▶ _PROBLEM DESCRIPTION_
From the listing that follows, reproduce only the lines from the one holding "A bright pink, white" through the one holding "Street ironing, old city side-alley, Delhi", both included, with no pictures.

▶ _PROVIDED RECORDS_

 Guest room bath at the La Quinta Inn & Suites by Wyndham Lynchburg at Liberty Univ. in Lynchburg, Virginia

--

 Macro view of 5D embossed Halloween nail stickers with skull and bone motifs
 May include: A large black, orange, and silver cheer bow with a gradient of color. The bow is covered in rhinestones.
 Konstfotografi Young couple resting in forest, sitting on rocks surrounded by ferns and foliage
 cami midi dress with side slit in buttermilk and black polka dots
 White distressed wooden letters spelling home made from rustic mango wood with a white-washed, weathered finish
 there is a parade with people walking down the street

...

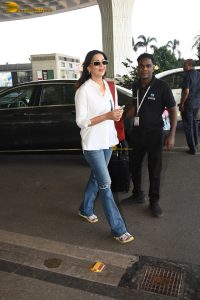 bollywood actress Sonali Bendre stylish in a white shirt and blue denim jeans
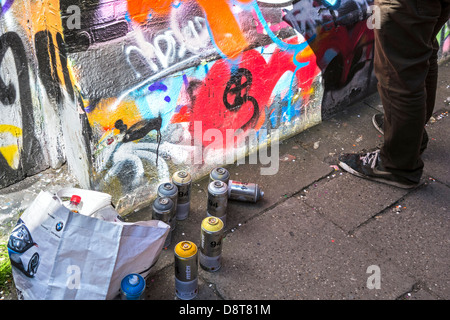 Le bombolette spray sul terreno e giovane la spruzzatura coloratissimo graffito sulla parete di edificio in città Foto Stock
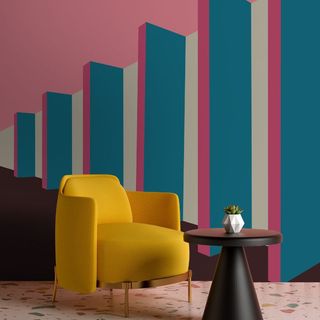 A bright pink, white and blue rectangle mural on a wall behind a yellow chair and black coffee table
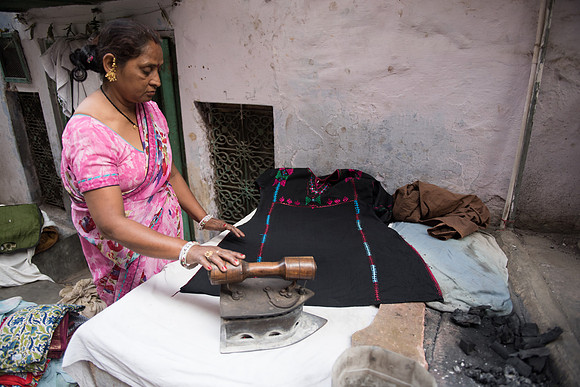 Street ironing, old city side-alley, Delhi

▶ _ANSWER SECTION_
 A bright pink, white and blue rectangle mural on a wall behind a yellow chair and black coffee table
 Street ironing, old city side-alley, Delhi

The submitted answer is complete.